Of course it’s not a “uniquely cinematic idea”, it’s a dog. So we start piling on the frills, hoping people will notice the “gilding on the frame” and not the lousy painting. We’ll shoot it on 16mm, no 35mm film! We’ll get Dustin Hoffman to do the voice over! And so on. But no matter how much money you spend it’s still a dog, only now it’s a very expensive dog. And now that it’s a very expensive dog no one will dare say it’s a dog. Panic sets in, and it only becomes easier to throw more money at this lumbering, drooling beast hoping to fix it. I know! Dustin’s voice never really meshed with the concept, let’s see if we can get Susan Sarandon, she’d be perfect! And while we’re at it, let’s rewrite the voice over and get new music. Oh yes, the whole thing will have to be re-cut.
Of course this is all being done last minute, thoughtlessly and at time and a half. Most of all, it’s not helping. The premiere date approaches and the film is more unwatchable and more expensive than ever! So we start cutting back on the finishing touches hoping to save a little face, but it only makes things worse. If this dog had gone off at the original budget it might have been excusable, but now someone’s head is going to roll. Everybody start running for cover, e-mail flies back and forth, and I start checking in the mirror to see if a bull’s eye hasn’t magically appeared on my forehead. With all this talent and money at our disposal, how did we ever get into this mess?

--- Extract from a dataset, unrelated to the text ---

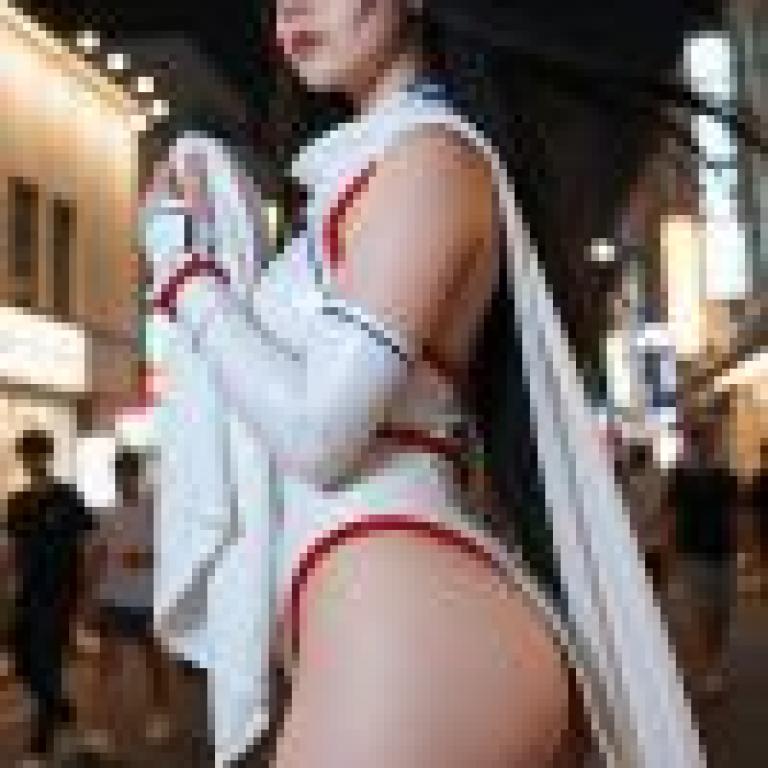 女孩們，一位穿著角色扮演服裝的女士。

It comes down to three things, three things that are all too common visitors to the backyard boatshop: bad ideas, dishonesty, and fear.
Fortunately as a Bolger boat builder I usually only get into the realm of bad ideas when I start proposing our own hair-brained modifications. Has PCB designed some losers? Sure. But he’s also got a tremendous track record of matching concept, objective and resources.
Dishonesty? Well that’s between yourself and your gods (or wife). Bob Wise told me of an LMII that was built with gilding and modifications that pushed the budget over $100K and the finished boat was unsuitable for going to sea. Did this poor fellow really want a “cheap looking” Bolger box? Or was he trying to to turn the LMII into the $250K boat he couldn’t afford? Did he ever even want to go to sea? I don’t know the answer, and I don’t expect the fellow’s going to read this column.
As to fear, well fear I know all too well. I very nearly sent away for suit of sails for the Light Scooner Margaret Ellen, fearing that all my “hard work” and “craftsmanship” would be spoiled if I tried to make my own. I very nearly bought cleats, but as it turns out my obviously handmade effort is one of the more admired features of the boat. Better yet, they work.
There’s nothing so awful as the moment you realize your dreams are within reach. I have literally been reduced to tears by the sudden epiphany that the only thing standing between me and living the life I want is the doing. When I look at the plans for the the Loose Moose II, or Illinois, or Wyoming, or Breakdown Schooner, I am faced with the terrible knowledge that they are all within reach; that if that’s what I really want, it’s something I can do; that my day of reckoning has arrived.